Edited at 2013-06-18 10:13 pm (UTC)
DonAithnendonaithnen on June 19th, 2013 08:27 pm (UTC)
Well they seem to have reverted. This year they weren't checking for badges on the party floor. The individual parties _may_ have been checking for badges at the door, but if so it was overshadowed by the "checking for ID" functionality.
Usqueba: Lainusqueba on June 18th, 2013 10:21 pm (UTC)
The really dumb part is of course the insisting that everyone have a badge bit. Getting free badges is a nice perk but i get the feeling that it's having to buy badges for people who aren't even interested in the con itself that's really miffing the party people.

I bet it's a liability thing. If a person is running a party with out a badge and something happened, BayCon's butt might be on the line. By buying a badge, you agree to abide by all of BayCon's rule's, etc.
Sister Atom Bomb of Courteous Debateakiko on June 18th, 2013 11:35 pm (UTC)
I've honestly never heard of someone getting comped badges for throwing a room party. I would be surprised to learn that it is common.
DonAithnendonaithnen on June 19th, 2013 08:24 pm (UTC)
Well i guess it depends on how big the con is and how big of a role parties play in the con, and how big the party is. I got the impression that even for the cons that do it it's only the parties that have a reputation for drawing a crowd (or the people who've thrown such parties for other cons) that get that treatment.
Sister Atom Bomb of Courteous Debateakiko on June 19th, 2013 08:42 pm (UTC)
The comped badges at our con are for volunteers and guests (+1) only. I don't generally go to party cons (I don't even know what counts as a party con tbh), but I can ask my acquaintance on staff at Arisia if they comp Barfleet's badges. (Though not very soon; she's kind of busy dealing with a personal life implosion right now.)
Beth Leonardbeth_leonard on June 19th, 2013 04:08 am (UTC)
Having never been to a con (save for picking a furry friend up at one once and driving him to the airport) I find all this fascinating. It also sounds like you are certainly starting to meet people in high places.
--Beth
DonAithnendonaithnen on June 19th, 2013 08:19 pm (UTC)

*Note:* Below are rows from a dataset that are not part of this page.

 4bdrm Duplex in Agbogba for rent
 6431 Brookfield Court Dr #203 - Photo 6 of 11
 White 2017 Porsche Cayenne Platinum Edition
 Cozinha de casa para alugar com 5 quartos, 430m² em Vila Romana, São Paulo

The fandom social hierarchy really isn't that deep :) There are published authors and people who are famous (within the fandom community) just for being prominent fans (and there's a specific term for them that my mind is completely blanking on) and being _friends_ with those people would be pretty awesome. However just chatting with them at a con is no big deal. I've chatted, for periods ranging from a minute or so to an hour or so and in groups ranging from one on one to about a dozen people, with Seanan McGuire, John Scalzi, George RR Martin, Mercedes Lackey, Jack McDevitt, Lois McMaster Bujold, Robert J Sawyer, and probably a couple other reasonably prominent authors i'm forgetting. And i've lost track of the number of people involved in con organization (either directly or indirectly, such as the two party organizers above) that i've chatted with for moderate periods. And all this despite me feeling very hesitant about pushing myself into conversations with such people.

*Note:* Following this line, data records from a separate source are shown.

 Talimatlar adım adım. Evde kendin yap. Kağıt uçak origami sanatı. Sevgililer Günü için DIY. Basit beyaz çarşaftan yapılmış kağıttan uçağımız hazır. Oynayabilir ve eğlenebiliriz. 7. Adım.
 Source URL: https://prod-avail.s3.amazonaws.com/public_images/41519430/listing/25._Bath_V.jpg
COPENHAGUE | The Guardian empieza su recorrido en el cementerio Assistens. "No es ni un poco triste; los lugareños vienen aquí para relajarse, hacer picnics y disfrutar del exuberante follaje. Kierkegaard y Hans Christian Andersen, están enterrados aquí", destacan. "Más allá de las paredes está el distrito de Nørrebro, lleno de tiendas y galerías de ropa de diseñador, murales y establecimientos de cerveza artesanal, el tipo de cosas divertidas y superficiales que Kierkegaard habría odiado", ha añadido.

So the places really aren't that high, and it's not that hard to get up there, at least to visit briefly :)
Sister Atom Bomb of Courteous Debateakiko on June 19th, 2013 11:53 pm (UTC)
Yeah, like D says below, the fandom hierarchy isn't that deep. I met a woman at a meetup at a con a few years ago, we became friends, and now she's one of the editors of a well-regarded online SFF magazine.

I ate lunch with Lois McMaster Bujold one day at DragonCon, which was really cool. She won't remember me, of course.